For this task, output every entry below exactly and omit the pictures.

Short web captions
++++++

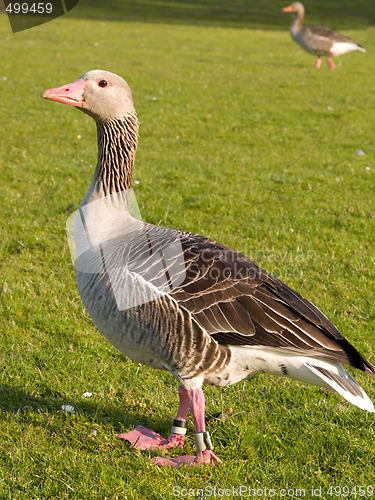 Image of Portrait of a friendly goose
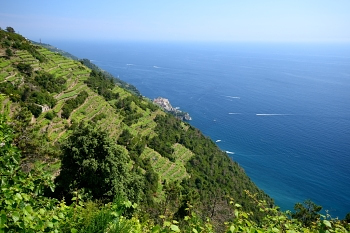 2018_06_17_Cinque-Terre_Riomaggiore__Vernazza_002_D610--10-24__CNX-D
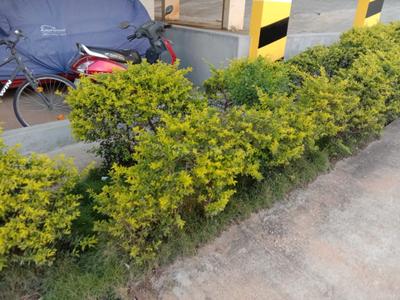 Image of 1350 Sq.ft 3 BHK Apartment / Flat for sale in Apartment, Bommasandra, Bengaluru for Rs. 5700000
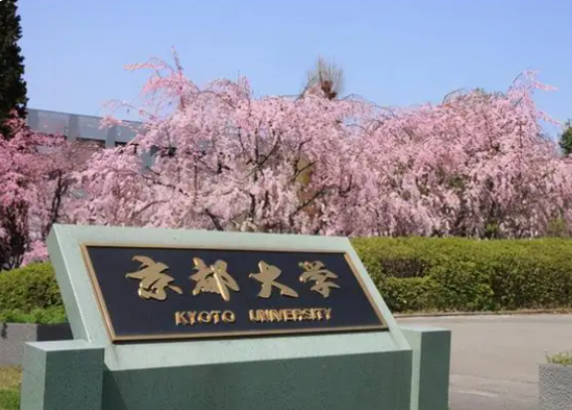 日本十大名校日本大学排名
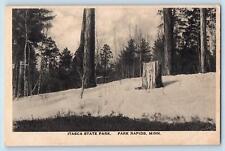 Park Rapids Minnesota MN Postcard Itasca State Park Scenic View 1926 Antique picture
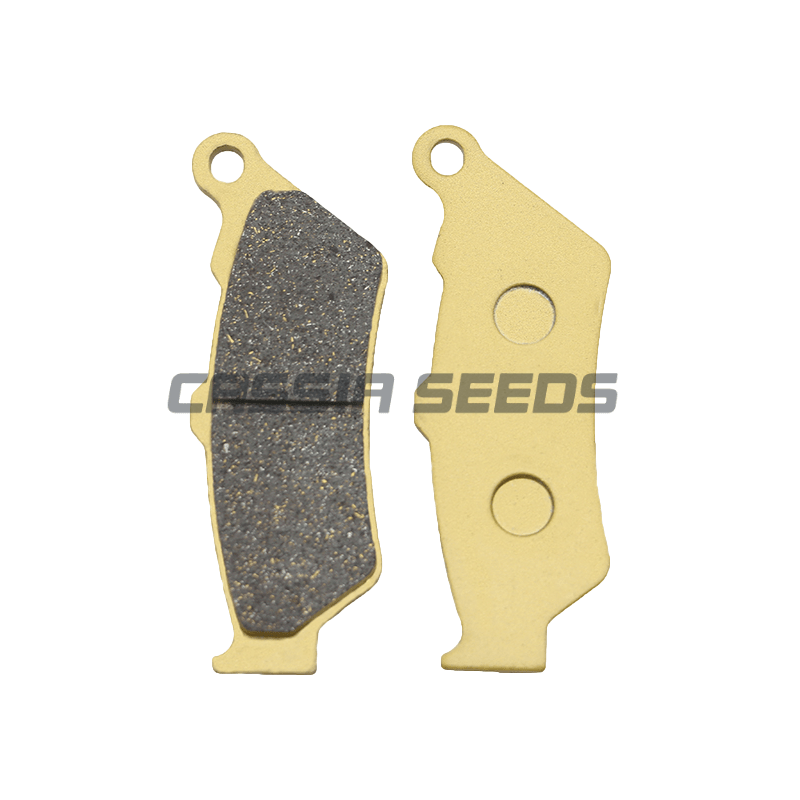 Pastiglie freno anteriori e po - Carbon Ceramic Motorcycle Brake Rotor recensione e prezzo
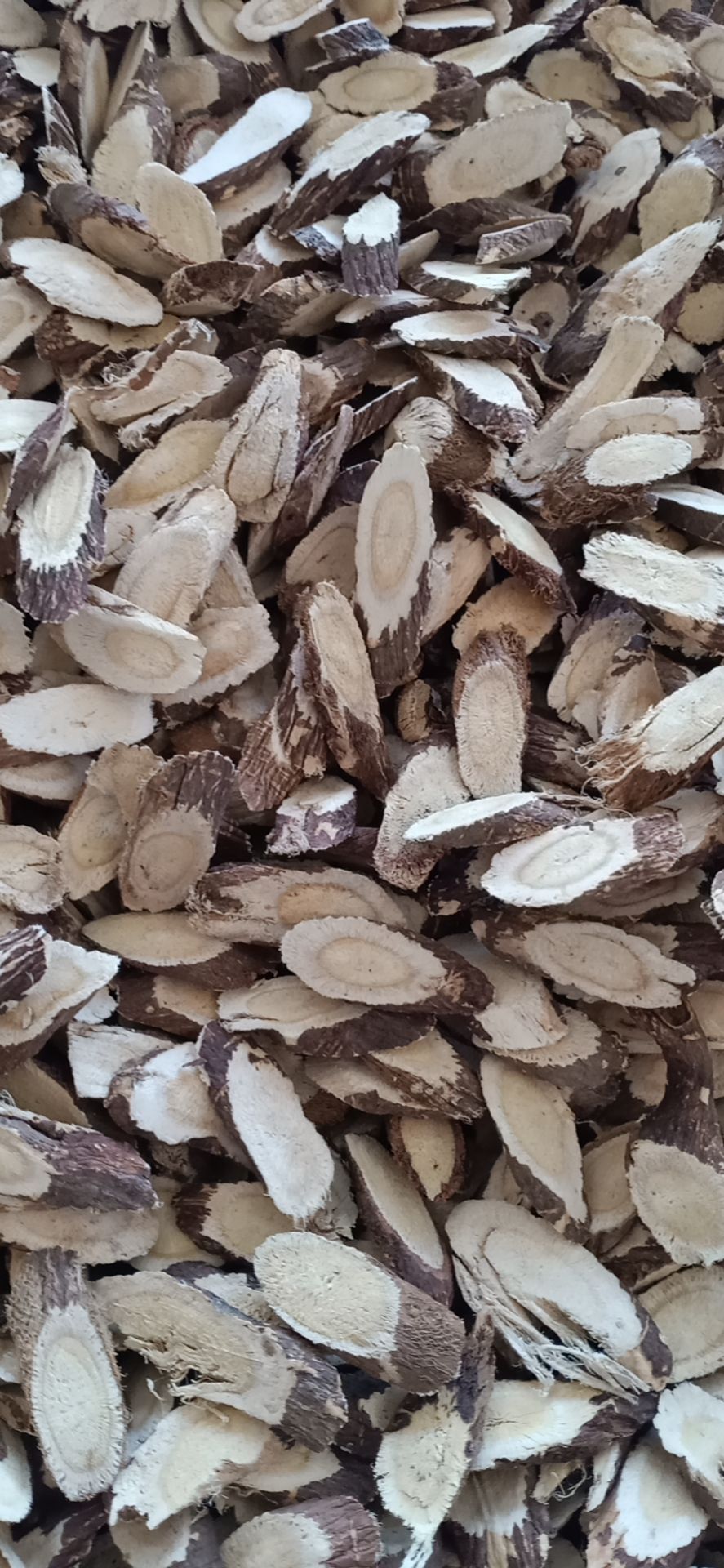 红芪手选大片批发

++++++

REPLY TO THE TASK »
 Image of Portrait of a friendly goose
 2018_06_17_Cinque-Terre_Riomaggiore__Vernazza_002_D610--10-24__CNX-D
 Image of 1350 Sq.ft 3 BHK Apartment / Flat for sale in Apartment, Bommasandra, Bengaluru for Rs. 5700000
 日本十大名校日本大学排名
 Park Rapids Minnesota MN Postcard Itasca State Park Scenic View 1926 Antique picture
 Pastiglie freno anteriori e po - Carbon Ceramic Motorcycle Brake Rotor recensione e prezzo
 红芪手选大片批发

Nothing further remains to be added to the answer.